* _Task goal_:
An exact transcription is needed, starting with the line that contains "Chevrolet Silverado LTZ 2017 by RL GNZLZ" and ending with the last line of the records.
═════ Supplied records ═════
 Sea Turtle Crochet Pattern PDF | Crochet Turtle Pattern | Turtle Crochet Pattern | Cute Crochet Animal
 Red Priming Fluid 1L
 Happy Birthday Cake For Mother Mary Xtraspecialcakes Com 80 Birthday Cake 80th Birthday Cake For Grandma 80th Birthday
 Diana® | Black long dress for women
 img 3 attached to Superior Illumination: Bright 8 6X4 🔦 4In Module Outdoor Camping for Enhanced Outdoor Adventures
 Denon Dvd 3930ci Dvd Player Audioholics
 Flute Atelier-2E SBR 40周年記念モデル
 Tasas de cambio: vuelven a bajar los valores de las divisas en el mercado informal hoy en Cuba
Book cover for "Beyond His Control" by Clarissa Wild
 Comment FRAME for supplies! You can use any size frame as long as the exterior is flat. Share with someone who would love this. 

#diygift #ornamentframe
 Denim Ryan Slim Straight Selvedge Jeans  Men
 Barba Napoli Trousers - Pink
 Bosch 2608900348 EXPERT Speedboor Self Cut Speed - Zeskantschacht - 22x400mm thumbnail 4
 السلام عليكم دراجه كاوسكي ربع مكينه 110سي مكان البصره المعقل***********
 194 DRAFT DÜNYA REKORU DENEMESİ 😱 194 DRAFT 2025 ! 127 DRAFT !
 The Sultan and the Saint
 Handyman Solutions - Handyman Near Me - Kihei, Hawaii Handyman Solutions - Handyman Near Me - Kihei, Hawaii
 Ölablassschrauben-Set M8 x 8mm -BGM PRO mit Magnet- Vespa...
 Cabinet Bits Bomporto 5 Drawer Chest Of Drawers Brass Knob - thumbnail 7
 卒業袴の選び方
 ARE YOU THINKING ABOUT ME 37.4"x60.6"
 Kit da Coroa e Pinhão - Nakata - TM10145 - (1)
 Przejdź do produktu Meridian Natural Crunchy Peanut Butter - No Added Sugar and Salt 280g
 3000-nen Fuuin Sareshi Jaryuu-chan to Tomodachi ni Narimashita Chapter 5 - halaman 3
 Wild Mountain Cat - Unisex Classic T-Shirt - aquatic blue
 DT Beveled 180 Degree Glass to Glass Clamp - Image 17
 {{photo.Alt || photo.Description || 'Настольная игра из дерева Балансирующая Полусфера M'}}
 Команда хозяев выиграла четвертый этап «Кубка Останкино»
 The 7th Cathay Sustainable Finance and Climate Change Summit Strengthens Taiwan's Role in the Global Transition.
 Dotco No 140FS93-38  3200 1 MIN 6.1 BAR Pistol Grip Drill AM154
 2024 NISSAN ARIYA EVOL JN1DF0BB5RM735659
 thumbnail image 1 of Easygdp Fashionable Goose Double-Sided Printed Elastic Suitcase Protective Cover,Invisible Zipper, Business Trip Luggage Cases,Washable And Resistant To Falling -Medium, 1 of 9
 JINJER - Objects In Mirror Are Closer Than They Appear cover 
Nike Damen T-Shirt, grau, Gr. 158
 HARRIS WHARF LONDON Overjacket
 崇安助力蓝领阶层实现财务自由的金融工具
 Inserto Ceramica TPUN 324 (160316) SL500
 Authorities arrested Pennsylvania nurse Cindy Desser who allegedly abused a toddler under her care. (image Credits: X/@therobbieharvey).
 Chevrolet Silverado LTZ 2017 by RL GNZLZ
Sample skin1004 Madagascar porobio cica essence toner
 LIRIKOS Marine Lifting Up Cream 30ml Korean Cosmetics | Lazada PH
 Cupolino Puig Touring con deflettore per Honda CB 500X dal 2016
═════
* _Answer box_:
 Chevrolet Silverado LTZ 2017 by RL GNZLZ
Sample skin1004 Madagascar porobio cica essence toner
 LIRIKOS Marine Lifting Up Cream 30ml Korean Cosmetics | Lazada PH
 Cupolino Puig Touring con deflettore per Honda CB 500X dal 2016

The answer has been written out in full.